The six-foot-six Valjas won a silver medal last week, and then followed it up with a bronze on Wednesday. Saturday's podium performance made it 13 for Canada on this World Cup season.
"Now this is truly amazing," said Canadian coach Justin Wadsworth. "I am a bit blow away. It is unreal."
With the world's top skiers battling for bonus points on the course that climbs the punishing Mordarbacken hill, Valjas stuck to his gameplan and picked off his competitors as they tired down the home stretch.
"I felt so good on the final gradual climb," said Valjas, who was sixth entering the final stretch. "I just stuck to my pace and didn't waste energy going for the bonuses.
"Coming into the finish people started dying. I just tried to pick as many off as I could. When I got to fifth and fourth, it was just an unreal feeling."
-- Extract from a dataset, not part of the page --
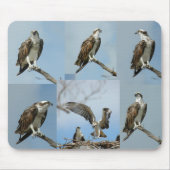 Sechs Ospreyvogel Fotos Mousepad (Vorne)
The bronze comes a day after Alex Harvey and Devon Kershaw made Canadian cross-country ski history. Harvey won Friday's men's classic prologue while Kershaw claimed bronze -- the first time two Canadians had shared the podium in a cross-country World Cup race.
Kershaw, from Sudbury, Ont., was fifth on Saturday, and is poised to finish second in overall World Cup standings following Sunday's final race.
Harvey, from St-Ferreol-les-Neiges, Que., was 18th.
Cologna, already the overall World Cup winner, finished the third of four stages in 43 minutes 14.9 seconds.
In a close-run finish, he beat Norwegian Eldar Roenning into second place, 0.4 back.
The concluding 35-kilometre race is on Sunday.